IBM’s Watson goes all social on us
You no doubt remember the IBM stunt that pit its Watson computer against two Jeopardy superstars. Watson was able to parse a question (or, in Jeopardy’s case, an answer), sift through staggering amounts of data and come up with the best answer. Watson handily beat its human competitors. Since then, we haven’t heard much about IBM’s plans for Watson, but now we learn it’s being applied to the oceans of data created by social media. Dubbed the Watson Engagement Advisor, the computer will “social-media data and publicly available data in conjunction with proprietary data from clients and their partners such as response data from previous marketing efforts and continuously learns from that information using its natural-language processing and machine learning capabilities,” writes Kate Kay in AdAge. The service—already being used by Nielsen, ANZ and Royal Bank of Canada, among others—will allow marketers, planners and others to ask a question and get answers based on data people may never see.

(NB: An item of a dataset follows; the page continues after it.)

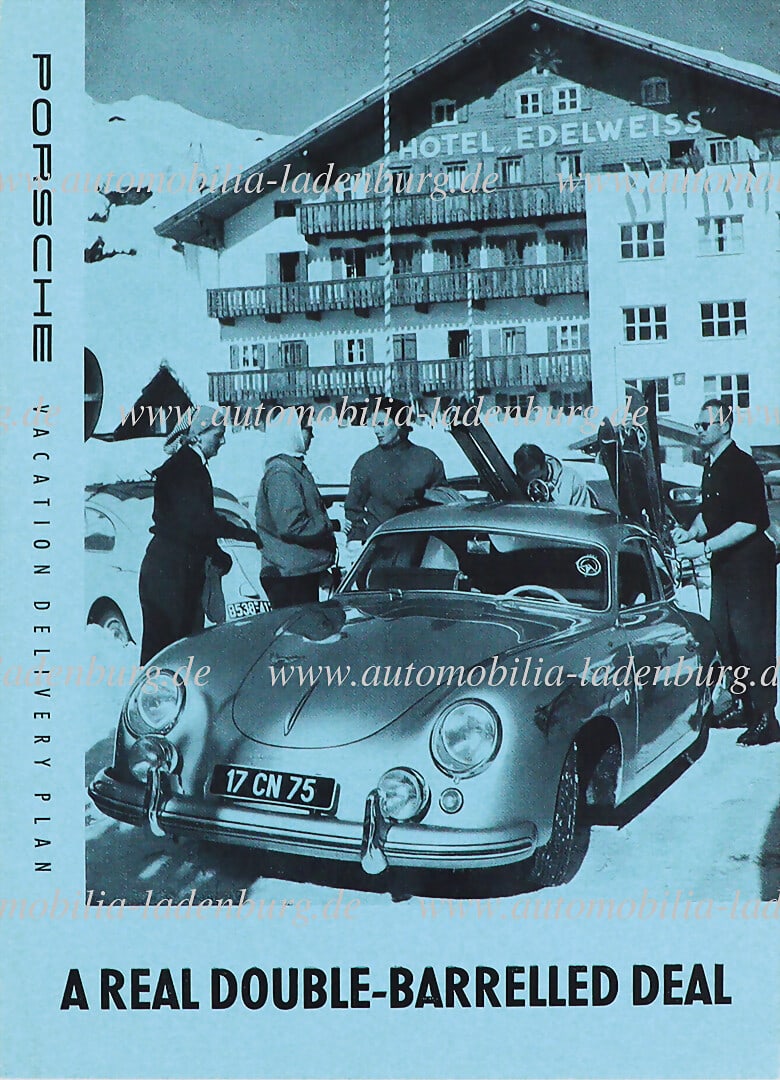 PORSCHE 1955, folding brochure "The Hoffman Porsche Car Corp", 4 pages with prices, English text, (1 of 1)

Storify becomes more relevant to brands
I’ve been a Storify fan since its early days. The curation tool makes it drop-dead easy to create and maintain a “story” by adding blog posts, articles, images, tweets, videos and other content from anywhere on the Web. While most of Storify’s users focus on reporting short-term events, most of my stories are long-term archives on topics like content marketing, social media research and employee access to social media. Storify remains free for individuals but recently announced pricing for business use. Making that fee-based service more appealing is a new partnership with Adobe’s Typekit that will let brands tailor the look of their stories to better match their own sites. (One of Storify’s features that made me a fan is the ability to embed a story just like you can embed a YouTube video.) The Typekit feature is only available to business account holders, according to The Next Web.
Voice metrics gain favor in social media measurement efforts
When you get frustrated enough to abandon a product, you’re as likely to express your reasons as simply turn to a new alternative. If the company behind the product is listening, your voice can lead to changes and improvements. Social media has provided customers with a platform for that expression, making it easier for more and more people to go public with their dissatisfaction. And, based on the most recent CMO Survey, brands are listening, emphasizing voice metrics in their efforts to measure the ROI of social media. “The emphasis on pure financial metrics is waning,” writes Christine Moorman in Forbes. “Companies are increasingly using voice metrics—such as referral and buzz indicators—to measure the impact of social media. The number of companies using ‘net promoter score’ increased 30% while the number of companies using the number of followers and friends increased 27%. Buzz indicators increased less dramatically but still grew by 3%.”